*** Opening of DATA SECTION ***

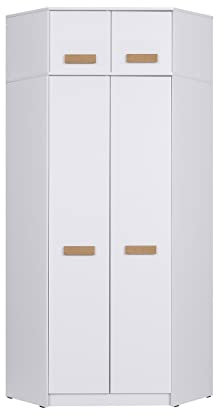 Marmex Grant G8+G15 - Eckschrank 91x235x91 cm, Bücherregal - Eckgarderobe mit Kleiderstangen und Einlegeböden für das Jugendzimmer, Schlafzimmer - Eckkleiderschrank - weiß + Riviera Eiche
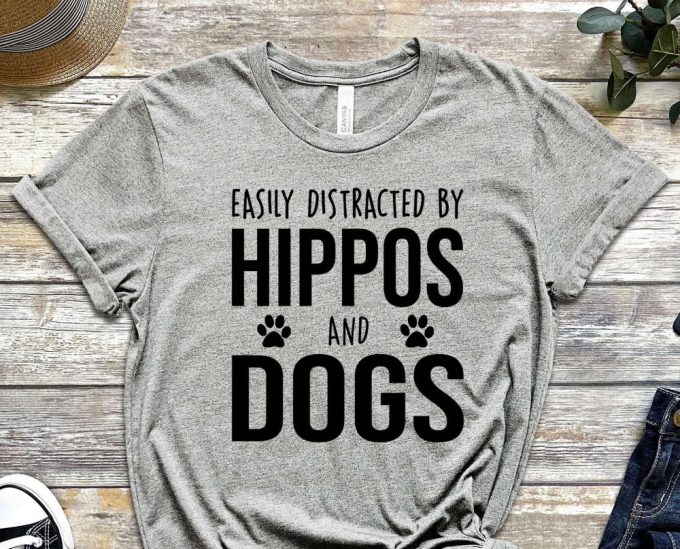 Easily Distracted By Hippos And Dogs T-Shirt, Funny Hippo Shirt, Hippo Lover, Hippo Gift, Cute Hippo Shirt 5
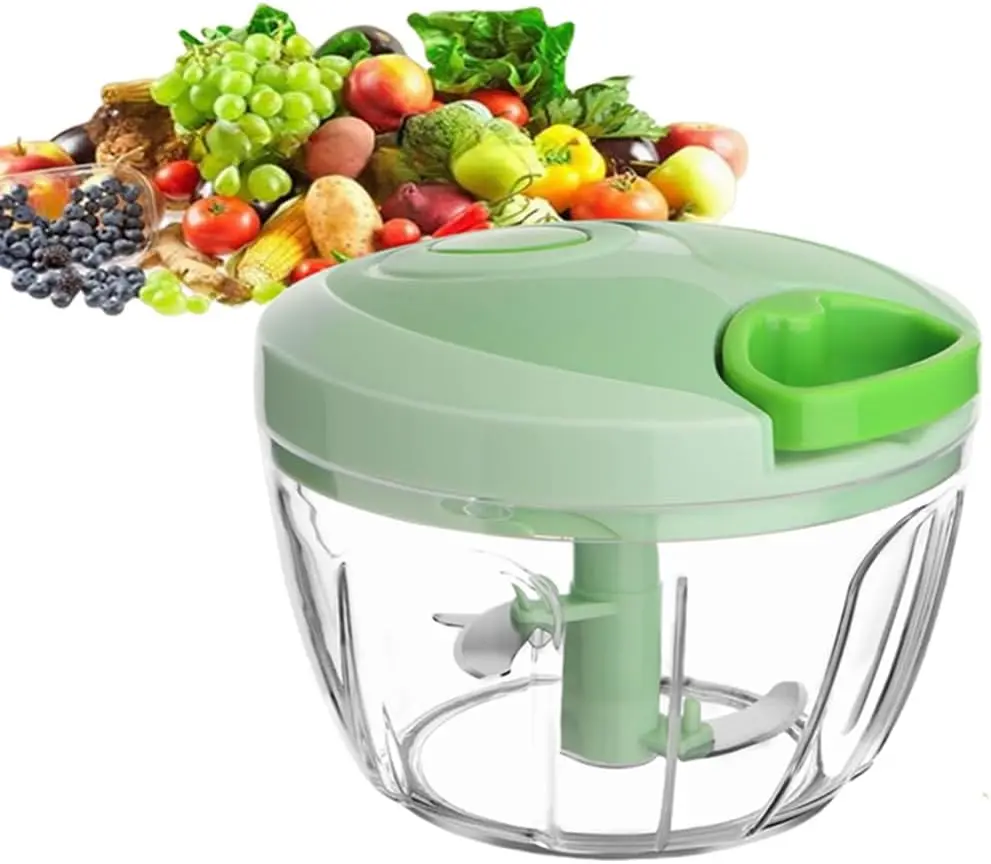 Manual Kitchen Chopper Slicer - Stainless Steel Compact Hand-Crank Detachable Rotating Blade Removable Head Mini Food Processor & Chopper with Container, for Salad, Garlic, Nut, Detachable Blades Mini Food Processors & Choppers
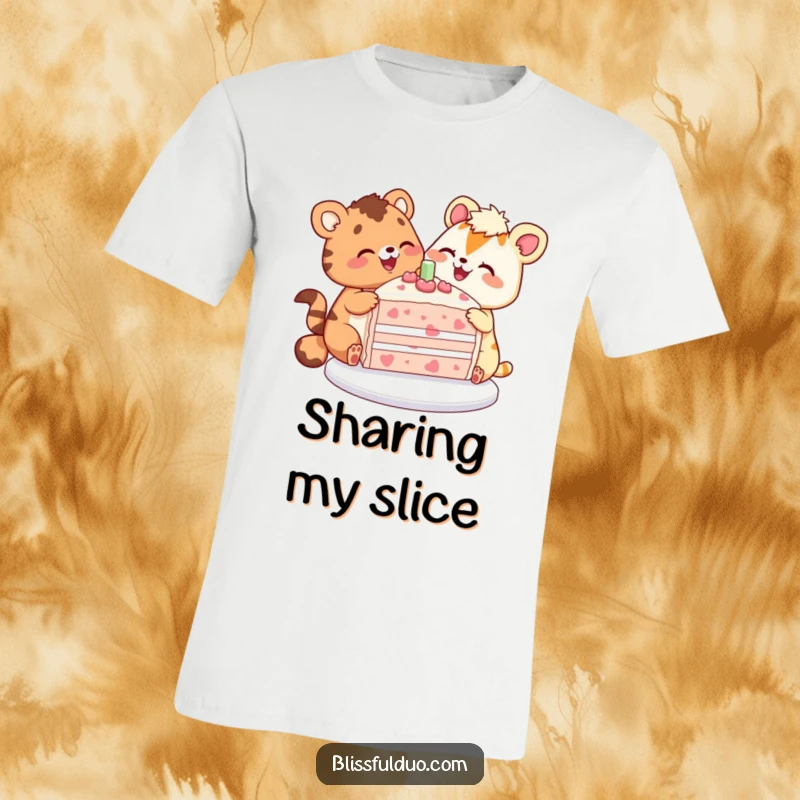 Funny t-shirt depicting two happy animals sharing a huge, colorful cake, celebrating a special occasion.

*** Close of DATA SECTION ***

- [REQUIREMENT]:
Using the listing above, copy exactly the lines from the one that contains "Easily Distracted By" through its last line, both included, but not the pictures.

- [RESPONSE TO THIS TASK]:
 Easily Distracted By Hippos And Dogs T-Shirt, Funny Hippo Shirt, Hippo Lover, Hippo Gift, Cute Hippo Shirt 5
 Manual Kitchen Chopper Slicer - Stainless Steel Compact Hand-Crank Detachable Rotating Blade Removable Head Mini Food Processor & Chopper with Container, for Salad, Garlic, Nut, Detachable Blades Mini Food Processors & Choppers
 Funny t-shirt depicting two happy animals sharing a huge, colorful cake, celebrating a special occasion.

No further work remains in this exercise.